Al lector de hoy los poemas de Gabriela Mistral le impresionan no solo por su sonora musicalidad, sino también por su profunda religiosidad. Tuvo la poetisa una intensa experiencia de Dios. En el Poema de Chile, por ejemplo, al recorrer la larga geografía de su patria, contemplando el norte desértico, escribe:
En tierras blancas de sed / partidas de abrasamiento / los Cristos llamados cactus / vigilan desde lo eterno.
Dios está presente por doquier, quizá como contrapunto de la dureza de la vida, pero también como respuesta última de la belleza y dulzura que encuentra en la naturaleza. Como años después al Papa Francisco, a Mistral le cautivó profundamente la luz y fuerza de san Francisco de Asís. Por ejemplo, en Motivos de san Francisco rememora su voz:
“¡Cómo hablaría san Francisco! ¡Quién oyera sus palabras goteando como un fruto, de dulzura! ¡Quién las oyera cuando el aire está lleno de resonancias secas, como un cardo muerto! Esa voz de san Francisco hacía volverse el paisaje hacia él, como un semblante; apresuraba de amor la savia en los árboles y hacía aflojar de dulzura su abullonado a la rosa. Era un canto quedo, como el que tiene el agua cuando corre bajo la arenita menuda”.
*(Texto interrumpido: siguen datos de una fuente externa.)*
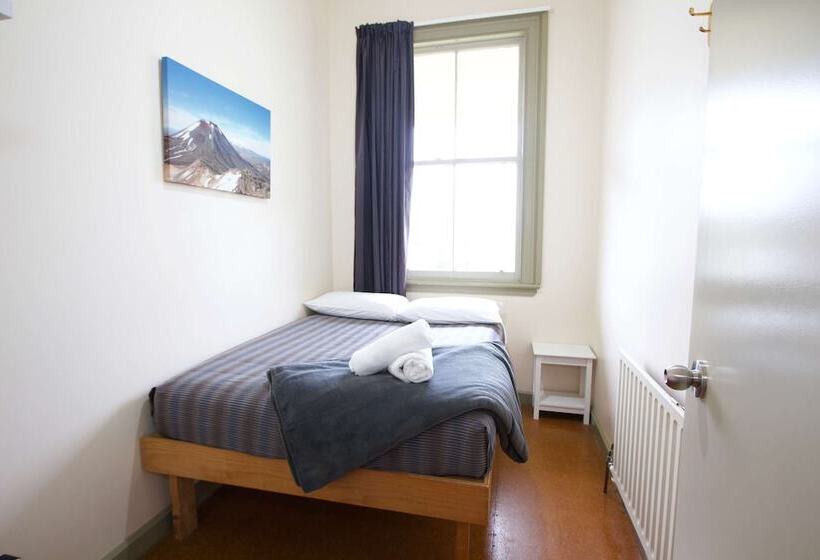 בית מלון כפרי Station Lodge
Gabriela Mistral hubo de hacer frente a muchas dificultades en su vida, también a aquellas “sequedades de que habla la Santa” y de las que dice que son “las tentaciones más duras” (Los compañeros de San Francisco: Bernardo de Quintaval). Quizá por eso su mirada fue especialmente misericordiosa y su actitud ante la creación respetuosa como la de una abeja: “Yo quiero, Francisco, pasar así por las cosas, sin doblarles un pétalo” (La delicadeza). Devota de il poverello de Asís y lectora asidua de sus Florecillas, perteneció a la Orden Tercera de San Francisco. De hecho, legó la medalla y el pergamino que acreditan su Premio Nobel al pueblo de Chile y están bajo custodia de los franciscanos en el mismo museo en el que se conservan la biblia que solía utilizar, un rosario de cuentas de cerámica y medallas de metal y un crucifijo suyo de madera tallada y policromada del siglo XVIII. Fue enterrada por expreso deseo suyo con el hábito franciscano.
Han pasado 75 años de la concesión del Premio Nobel a esta poeta. Aunque en los últimos años se ha puesto especial interés en investigar otros aspectos de su vida personal, es una buena ocasión para releer sus textos en verso y prosa, emocionarnos con su sensibilidad y aprender de su religiosidad fundida “con un lacerante anhelo de justicia social”.